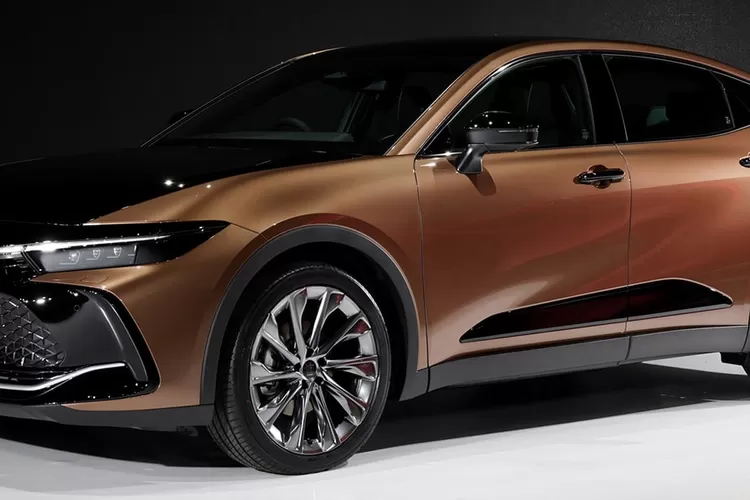 Tampilan mobil Toyota Crown Crossover, dengan kemewahan warna dominan cokelat pada bodi. (Toyota)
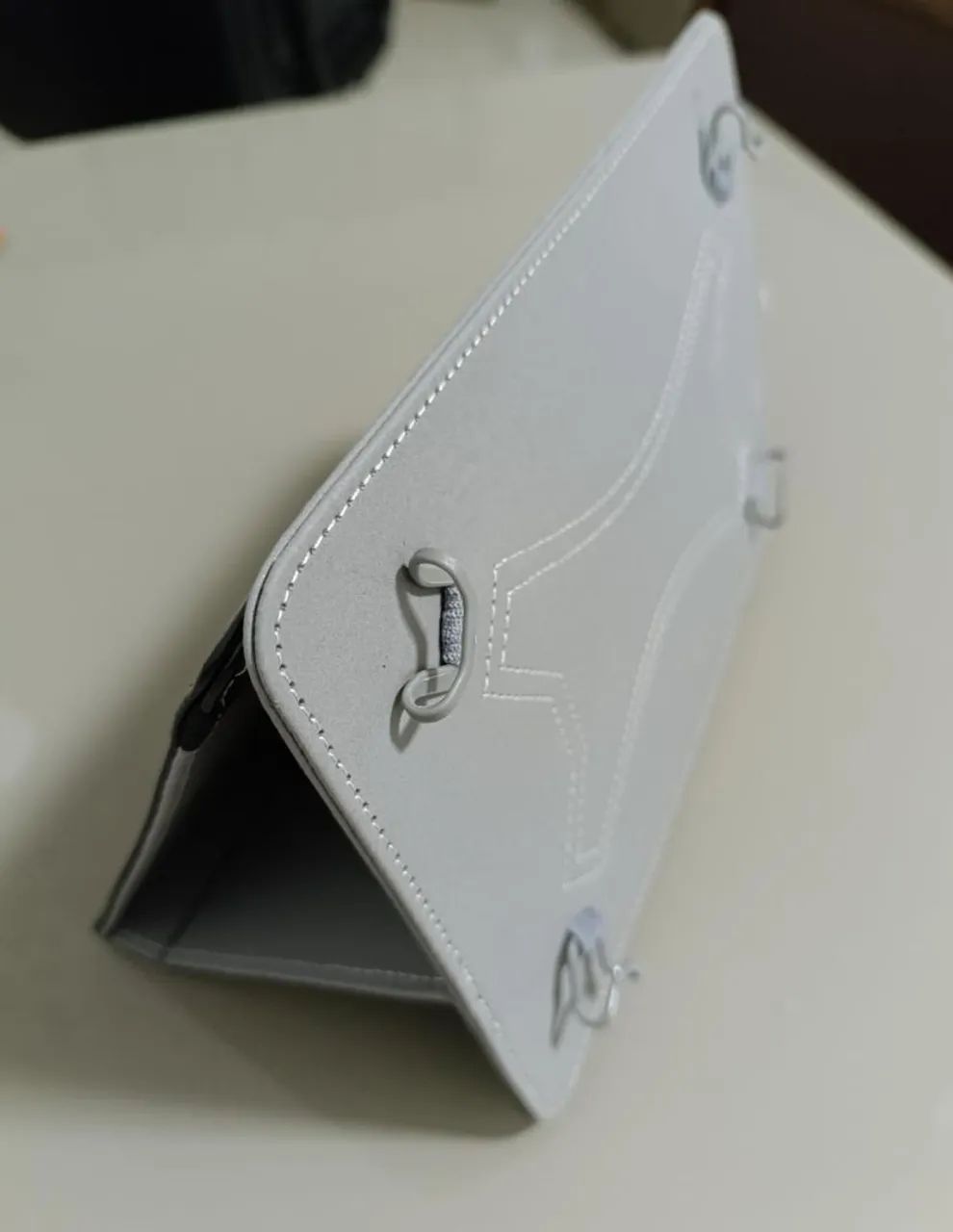 Capa de Couro ajustável para Tablet 10 a 10,1 polegadas  - Foto 3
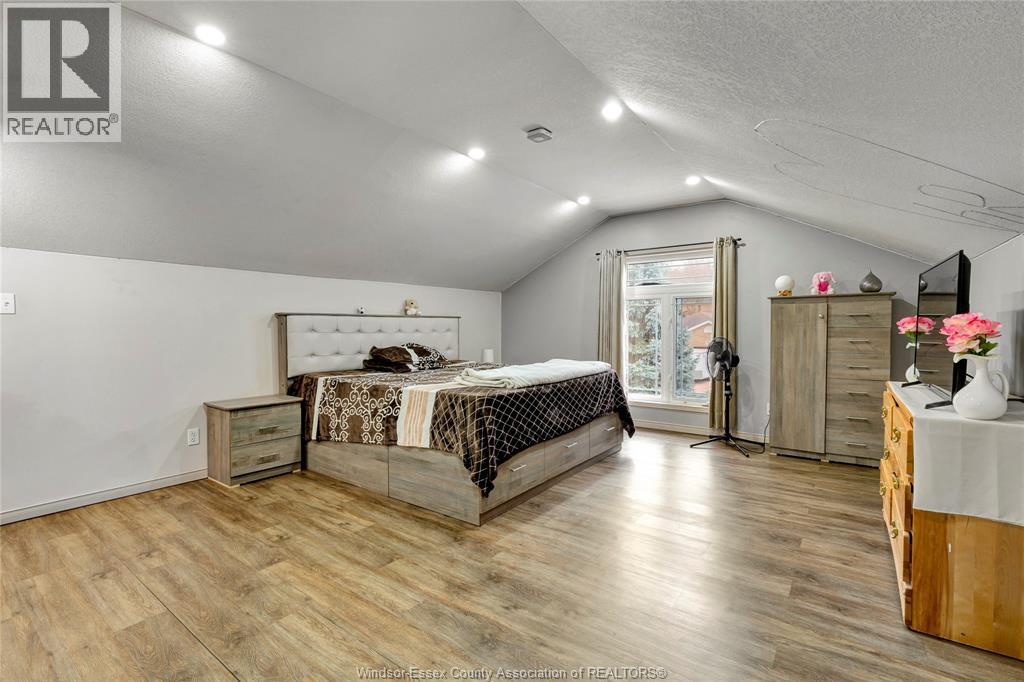 569 Sacred Heart, Lasalle, Ontario N9J 3L9 - Photo 15 - 25030943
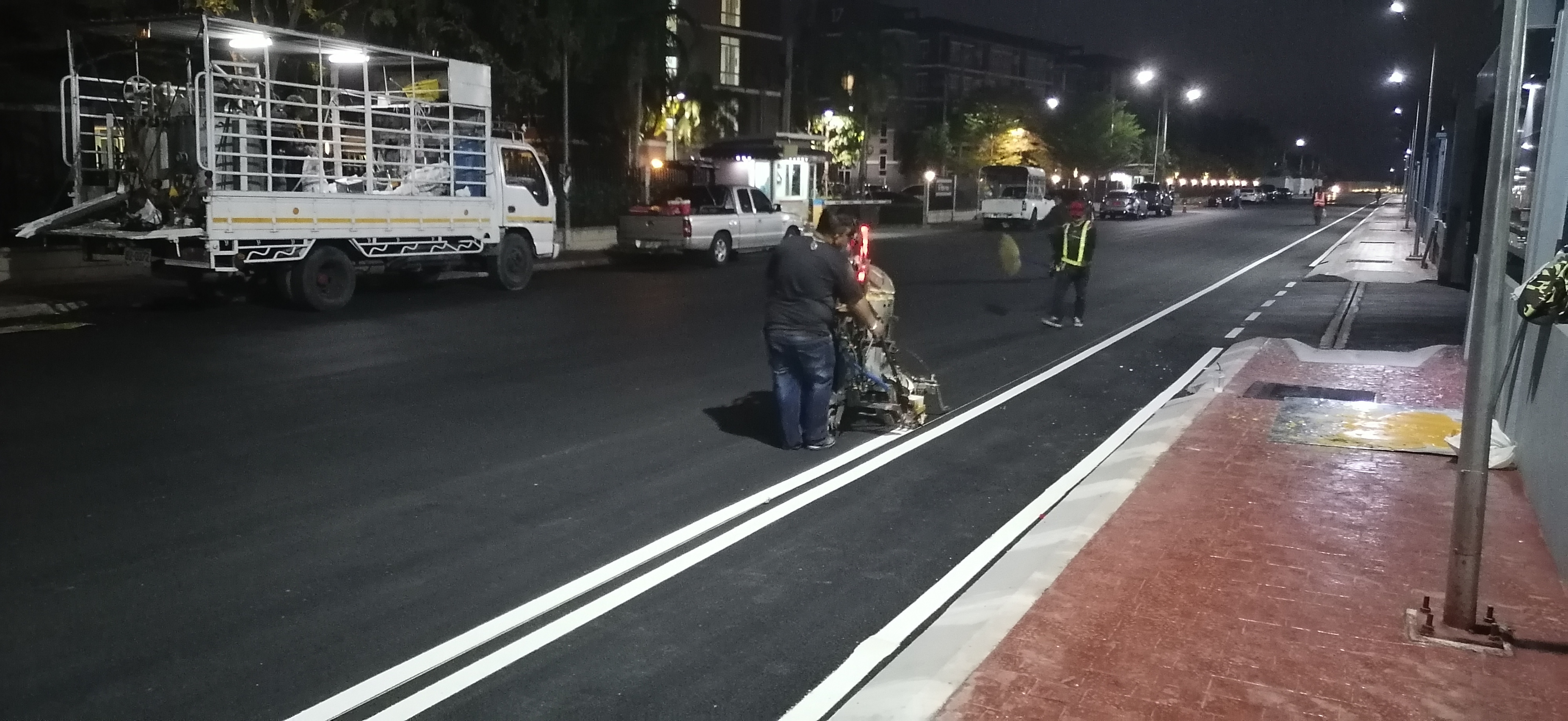 งานตีเส้นจราจร เลนจักรยาน ลู่วิ่งสีเทอร์โมพลาสติก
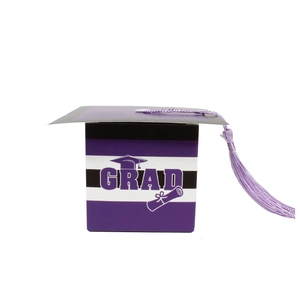 Caja de regalo de graduación a rayas moradas con texto GRAD y borla decorativa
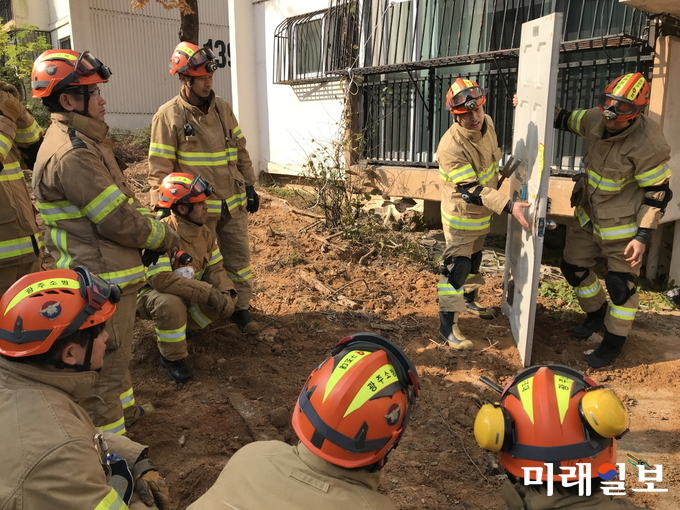 광주광역시 소방안전본부는 6일 오전 서구 염주주공아파트(철거 예정)에서 지진재난 건축물 붕괴 시 구조대원의 신속한 사고현장 대응능력 향상을 위한 특별구조훈련을 실시했다. / 사진=광주시 제공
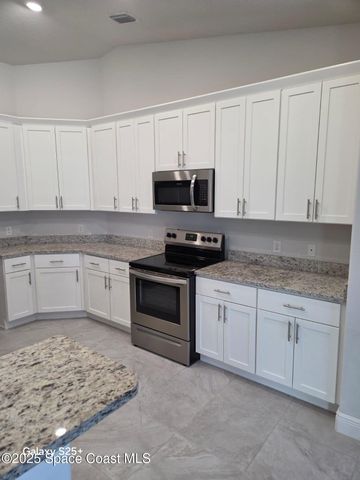 2437 Hagoplan Avenue SW, Palm Bay, FL 32908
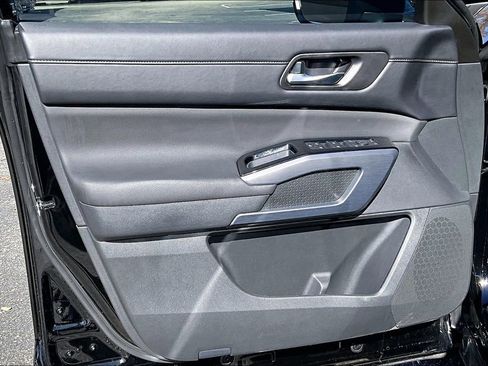 Used 2025 Nissan Pathfinder SL image 22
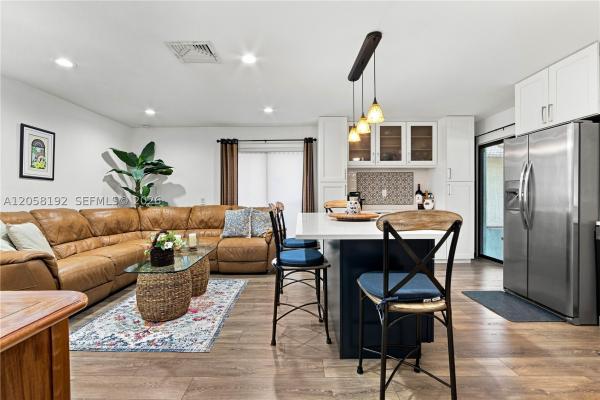Patio Homes 2 At Country Isles, 2083 Montpeliar, Weston, Florida 33326, image 2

+===+

**Required action**
With the pictures removed, return the full listing exactly as given.

**Exercise output**
 Tampilan mobil Toyota Crown Crossover, dengan kemewahan warna dominan cokelat pada bodi. (Toyota)
 Capa de Couro ajustável para Tablet 10 a 10,1 polegadas  - Foto 3
 569 Sacred Heart, Lasalle, Ontario N9J 3L9 - Photo 15 - 25030943
 งานตีเส้นจราจร เลนจักรยาน ลู่วิ่งสีเทอร์โมพลาสติก
 Caja de regalo de graduación a rayas moradas con texto GRAD y borla decorativa
 광주광역시 소방안전본부는 6일 오전 서구 염주주공아파트(철거 예정)에서 지진재난 건축물 붕괴 시 구조대원의 신속한 사고현장 대응능력 향상을 위한 특별구조훈련을 실시했다. / 사진=광주시 제공
 2437 Hagoplan Avenue SW, Palm Bay, FL 32908
 Used 2025 Nissan Pathfinder SL image 22
Patio Homes 2 At Country Isles, 2083 Montpeliar, Weston, Florida 33326, image 2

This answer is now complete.